You can still look around in 2024 and see ample examples of hoarding from the COVID pandemic era in 2020. Maybe you have an irrational quantity of paper plates in the pantry, or your friend has a long-empty fishtank collecting dust in the garage… just in case.
Hoarding has been normalized, and not just because of the hoarding craze fueled by political instability, global pandemics, and supply shortages of the 2020s. This problem reaches back all the way to the 1950s in a post-WWII world of plenty.
How to Address the Problem
I will not leave you with mere awareness of this problem. Instead, I will part with this bit of information: knowing your actual use of an item is the key to determining what you need (and how much) and what you do not need. Find the items that are causing clutter, out of place, or present in too high a quantity, and then determine how much of that thing you need or want.
While counting both the nearly 20 bars of soap addressed earlier and the almost equal amount of liquid soap bottles I have not yet mentioned, I quickly calculated that I would not need to buy any new soap for three-to-five years, give or take. This tells me I can either make space available to have that much on hand, or that I will have to pare down the quantity of this possession. As someone who obviously likes buying new soaps, I pared them down to a supply of less than one year.

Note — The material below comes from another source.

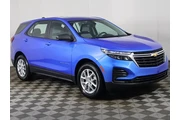 $23493 : Chevrolet Equinox 2024 LS 4d thumbnail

But wait! What if there were a need to stockpile years' worth of soap, or emergency rations, or clothes, or any other possession? Sadly, if I need that much soap, chances are something is majorly wrong with the world, and we are screwed. And the practicality of storing that much of everything to prevent a “we’re screwed” scenario is unlikely, despite some hoarders and doomsday preppers trying their best.
It is not that we should eschew preparing. Afterall, someone must think about the worst-case scenarios and plan accordingly, but that’s not me with soap, or you with 200 collectible stuffed animals, or our mutual neighbor with eight different coolers in his garage.
If you are worried about nuclear fallout, build a bunker and stock it with a decade or two of food. That is fine, and let me be unavoidably blunt here, most of us would die in the event of nuclear war, maybe even the bunker owners caught unaware. But do not fill all your kitchen cabinets with years' worth of MREs or stash ugly boxes of survivalist gear throughout your home. That is just as unsightly and concerning as the behavior of actual hoarders. Be reasonable, think of your needs and wants, and do not deceive yourself. Keeping 16 boxes of shop towels handy is not going to save your home in a flood, and saving every trinket ever given to you does not show how much you care.
Time to Act
I hope this post has freed you to let things go and keep only what brings maximum utility, value, and happiness. Donate old books and clothes, scan your documents into the cloud, empty the stored boxes of junk from your attic, and be mindful of your needs. Oh, and let me know if you have any good soap recommendations. I am partial to peppermint.